=== SUPPLIED INFORMATION ===
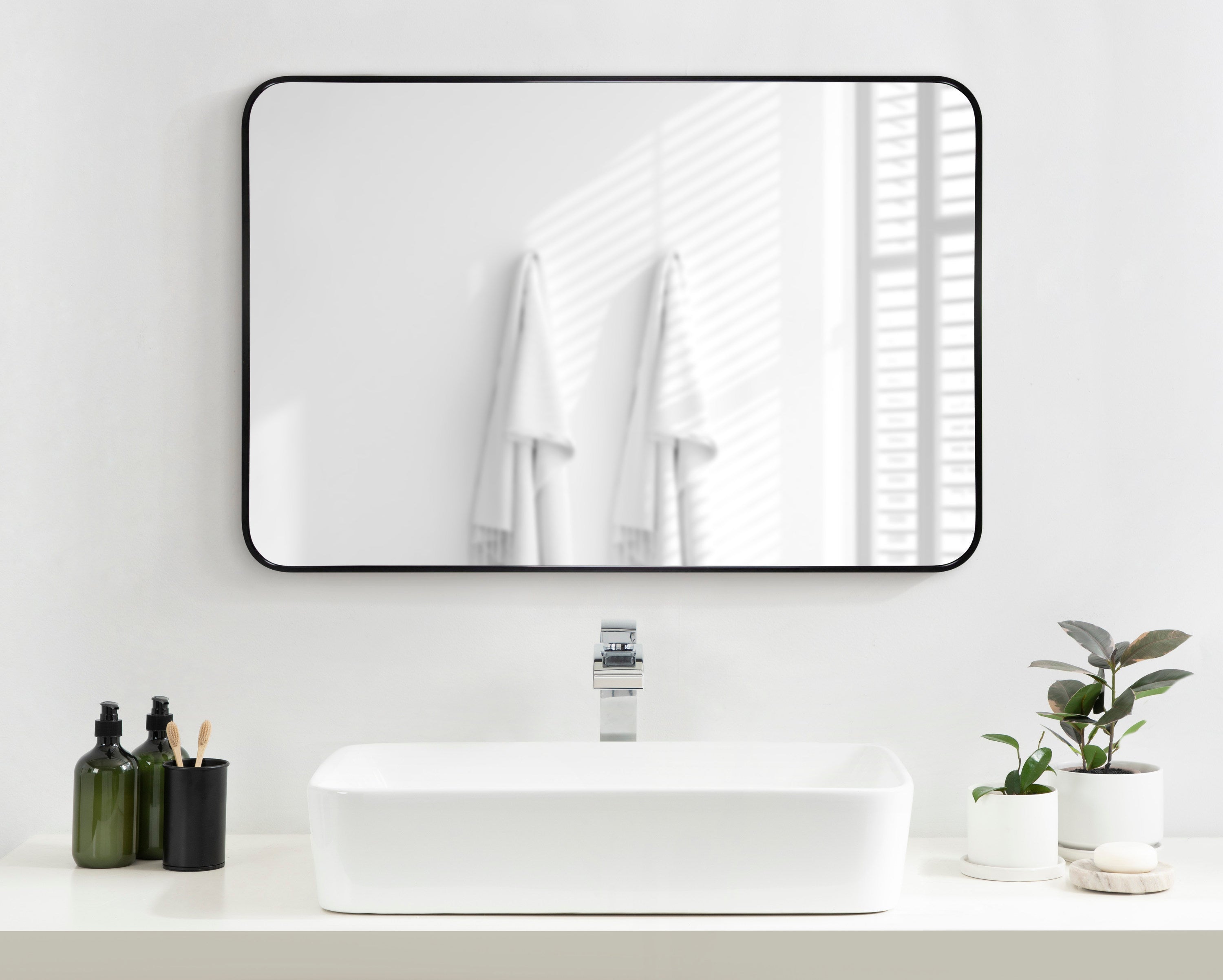 Rectangle Mirror Black 24x36 7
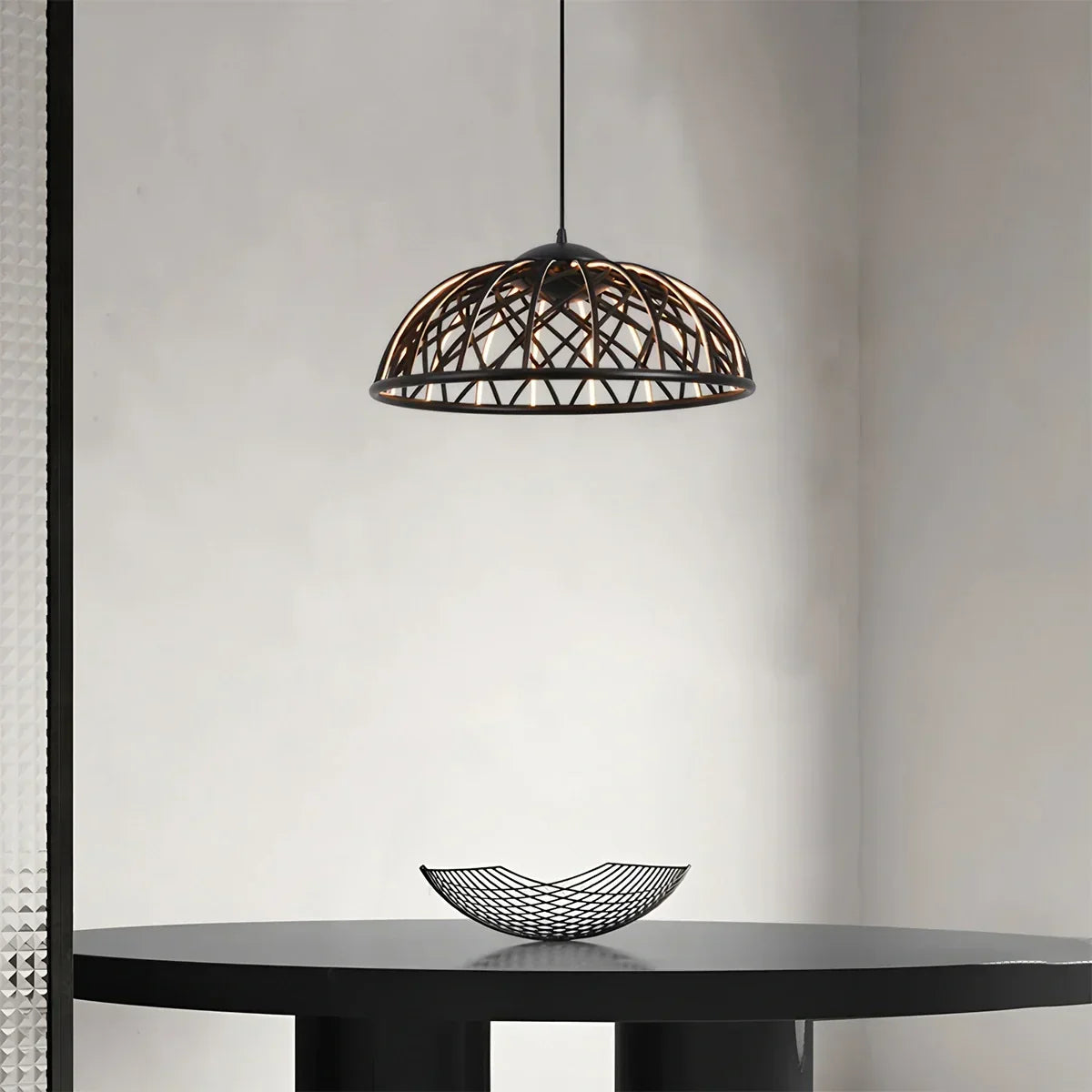 Modern Woven Mesh Art Pendant Light | Desfino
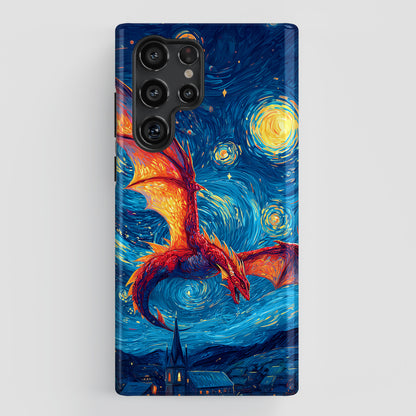 The Midnight Drake – Fantasy Art Phone Case for Galaxy S series Phones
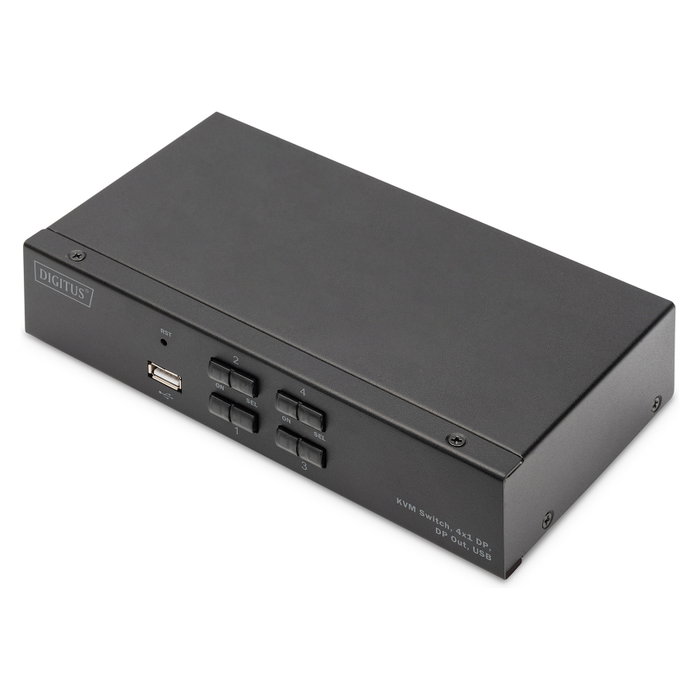 Digitus DS-12891 KVM Switch 4x1 DisplayPort 4K @ 60Hz Negro Digitus DS-12891 KVM Switch 4x1 DisplayPort 4K @ 60Hz Negro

=== WHAT IS EXPECTED ===
Leaving the pictures aside, copy exactly and only the lines from the one holding "Modern Woven Mesh" through the final line of the data, both ends kept.

=== WORKED SOLUTION ===
 Modern Woven Mesh Art Pendant Light | Desfino
 The Midnight Drake – Fantasy Art Phone Case for Galaxy S series Phones
 Digitus DS-12891 KVM Switch 4x1 DisplayPort 4K @ 60Hz Negro Digitus DS-12891 KVM Switch 4x1 DisplayPort 4K @ 60Hz Negro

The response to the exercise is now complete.